**Aim of the task:**
Please return all records verbatim, no pictures.

+++ Task data

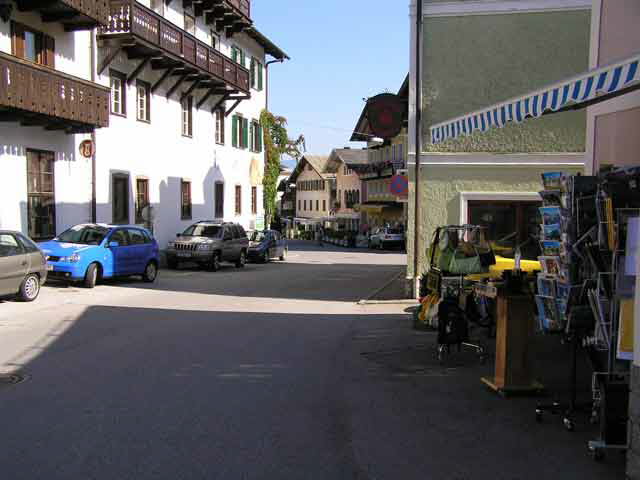 St. Gilgen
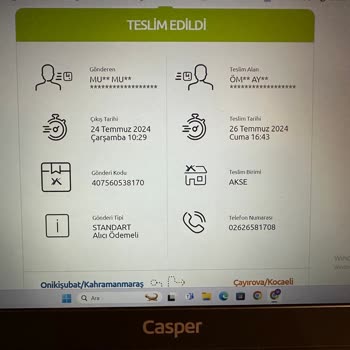 D&R Aldığımız Akıllı Çocuk Saati Sürekli Şarj Sorunu Yaşıyor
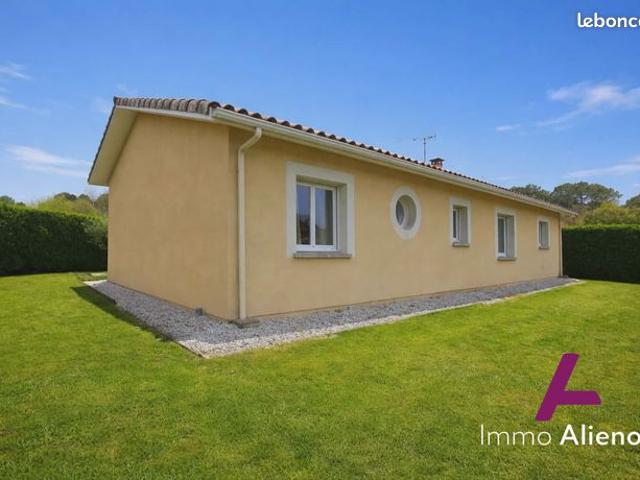 Maison 5 pièces 104 m²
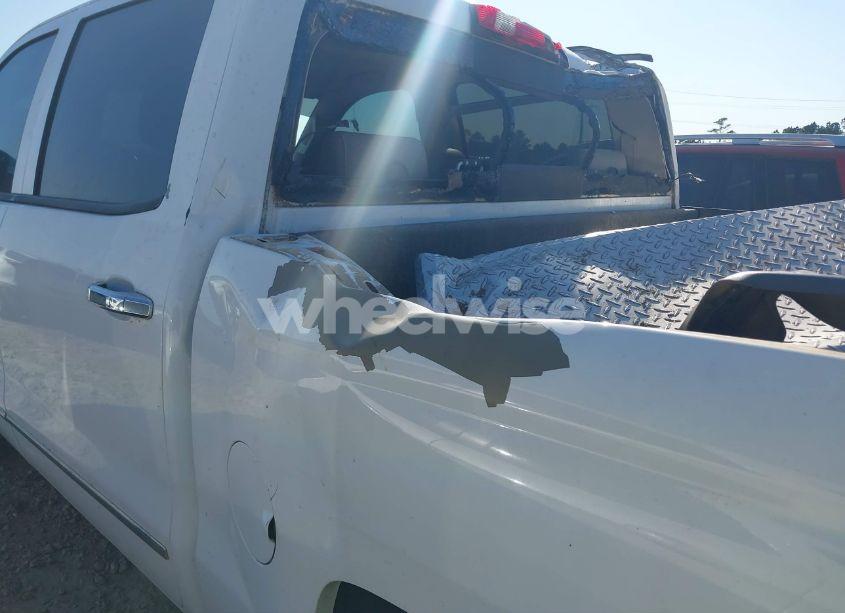 Photo 6 of 2014 Chevrolet Silverado 1500 2LZ (VIN 3GCUKSECXEG443480)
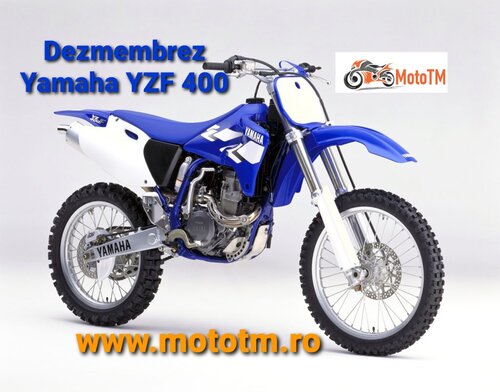 Yamaha YZF 400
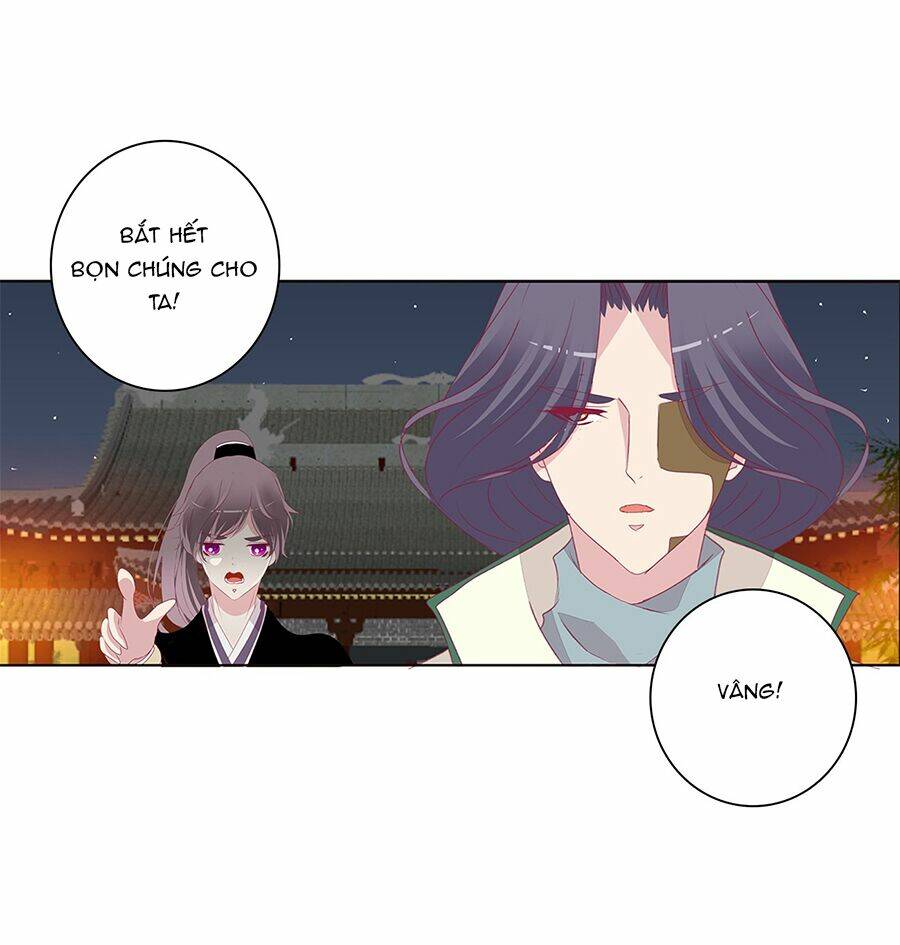 tướng quân mời ra trận chapter 160 11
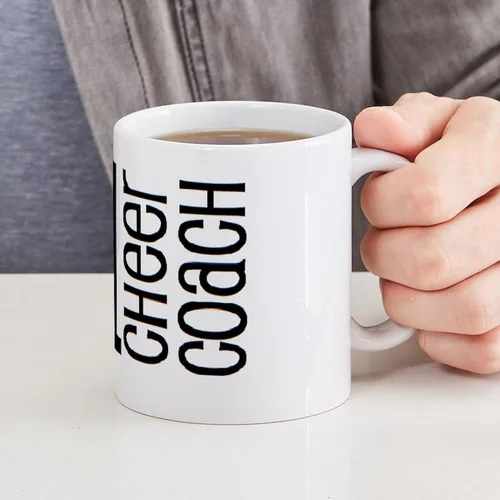 Vista 6 de CafePress #1 Taza de café de cerámica, taza de té de 11 oz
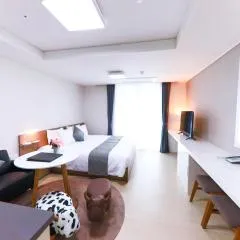 리인스테이 호텔 거제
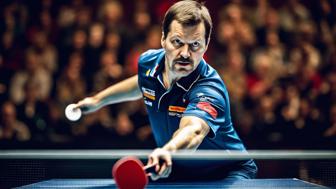 Timo Boll Vermögen: Ein Blick auf den Reichtum des Tischtennis Champions 2024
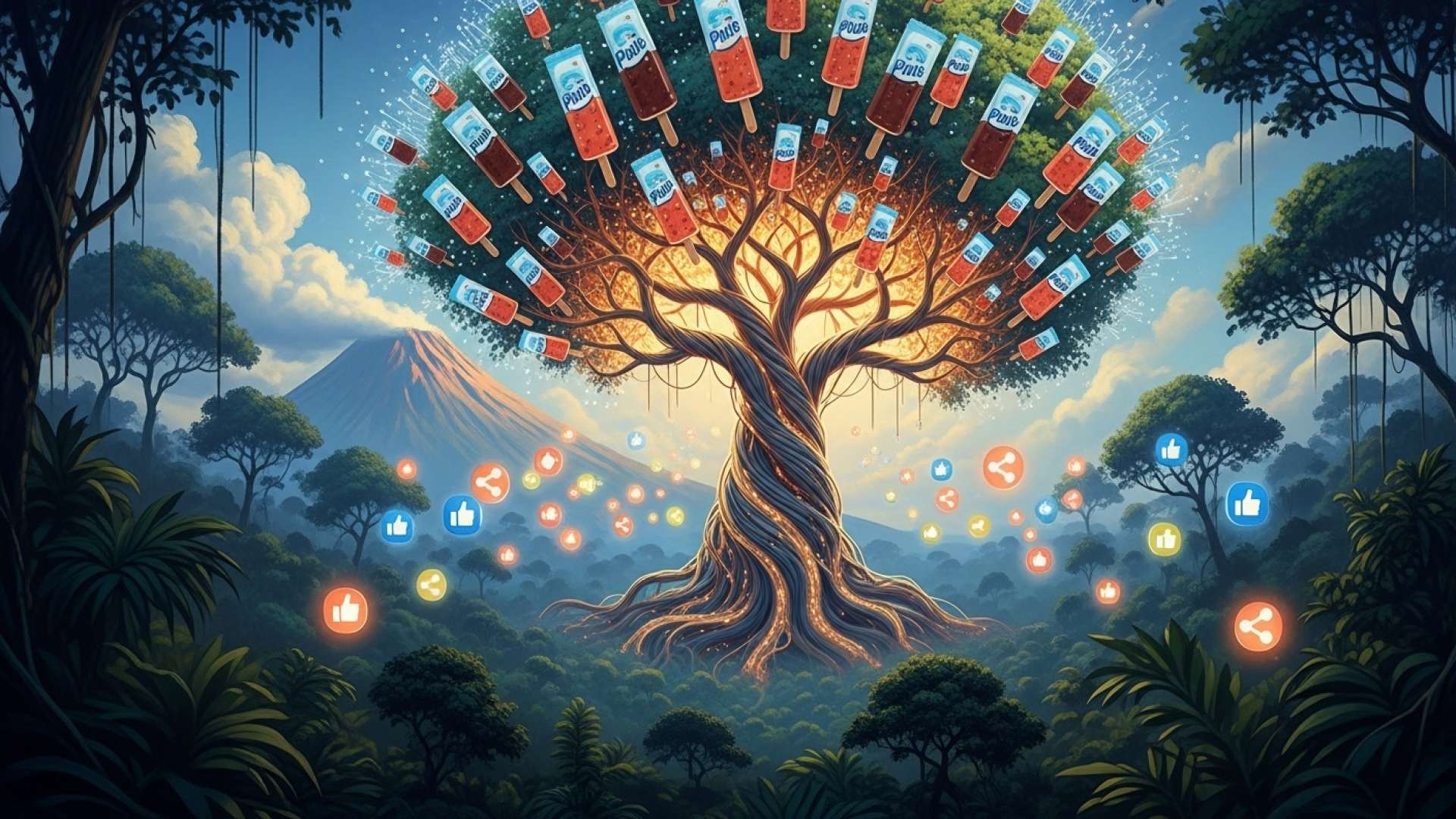 Dos Pinos pide paciencia en medio del frenesí de helados de pinito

++++++

**Task solution:**
 St. Gilgen
 D&R Aldığımız Akıllı Çocuk Saati Sürekli Şarj Sorunu Yaşıyor
 Maison 5 pièces 104 m²
 Photo 6 of 2014 Chevrolet Silverado 1500 2LZ (VIN 3GCUKSECXEG443480)
 Yamaha YZF 400
 tướng quân mời ra trận chapter 160 11
 Vista 6 de CafePress #1 Taza de café de cerámica, taza de té de 11 oz
 리인스테이 호텔 거제
 Timo Boll Vermögen: Ein Blick auf den Reichtum des Tischtennis Champions 2024
 Dos Pinos pide paciencia en medio del frenesí de helados de pinito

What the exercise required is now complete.